Industrial plants that use significant amounts of water, such as wastewater treatment plants and textile manufacturers, need the best water tanks to keep their operations running. While plastic tanks are not an option in such applications, the choice is usually between concrete and metal water tanks. Deciding the best tank material can be tricky for plant managers because both have notable benefits. However, most industrial plants almost always end up choosing steel water tanks. Here are the reasons.
Higher Capacity -- The amount of water that textile or wastewater treatment plants need is relatively high, which explains the need for tanks that can hold high capacities. Metal tanks are unrivalled in this regard because they can hold significant amounts of water at a time. Notably, finding a concrete tank that matches the capacity is not easy because building one would be pretty expensive and time-consuming. Therefore, rather than spend money on concrete, sand and aggregate to construct a high-capacity water tank, industrial plants are better off welding together metal panels to build a tank of the same capacity. Moreover, industrial facilities can further reduce the construction costs of metal tanks by using recycled metal panels.

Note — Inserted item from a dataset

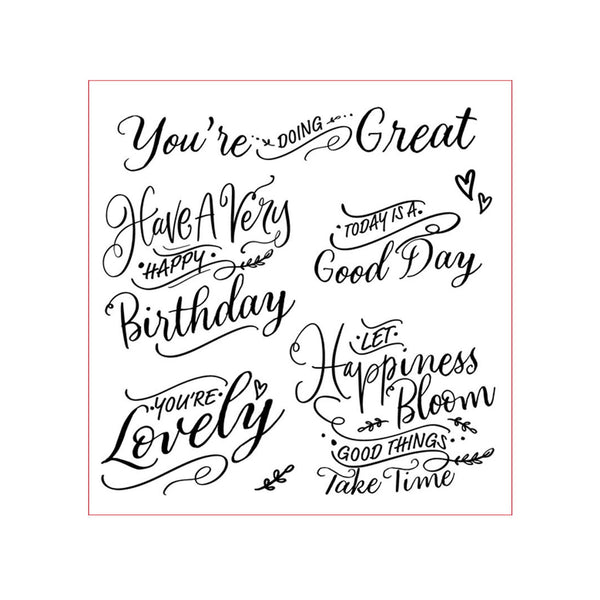 Poppy Crafts Clear Stamps - Positive Phrases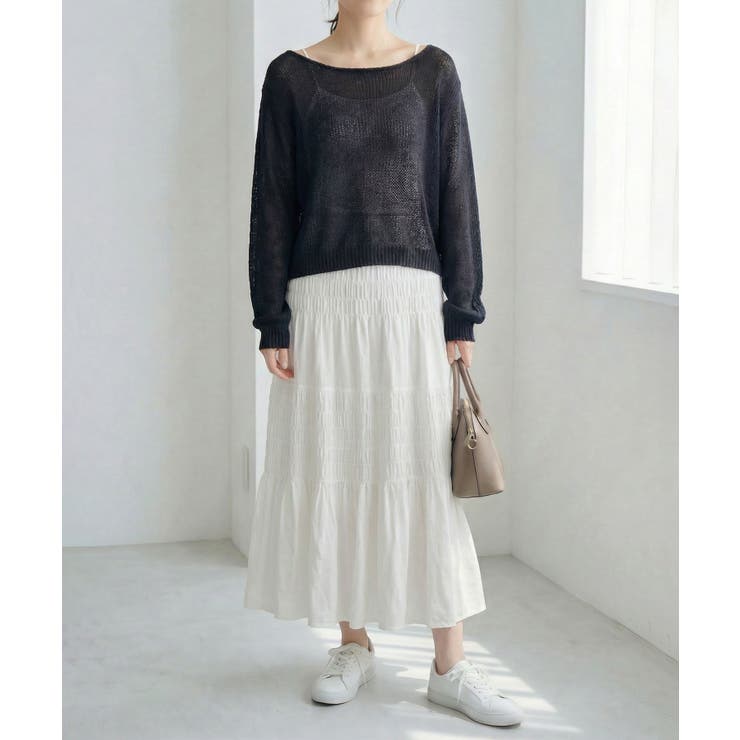 ブラック | シアーリラックス ニットプルオーバー | aimoha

Unrivalled strength -- If you think about the pressure exerted on the tank's walls, you can begin to appreciate the strength of metallic water containers. Notably, using a concrete tank to hold significant volumes of water is impractical because the walls will give way, leading to serious flooding and property damage on an industrial scale. Furthermore, steel water tanks are the strongest of all industrial water tanks thanks to Tungsten inert gas (TIG) welding, probably the strongest welding technique used in industrial applications. Thus, with proper maintenance, industrial plants do not have to worry about leaks or floods during a tank's service life.
High Mobility -- Industrial plants move their operations to different locations all the time for various reasons. An industrial facility with concrete water tanks would have to leave the structure intact and build another one in their new location. The reason is that concrete tanks are immobile since they remain fixed once the concrete is poured in place. Steel water tanks are quite the opposite because they are highly mobile. Small steel tanks can be moved using a crane, while the metal panels of larger models can be cut and separated for easy moving. Therefore, any forward-thinking industrial plant should opt for metal tanks over concrete water containers.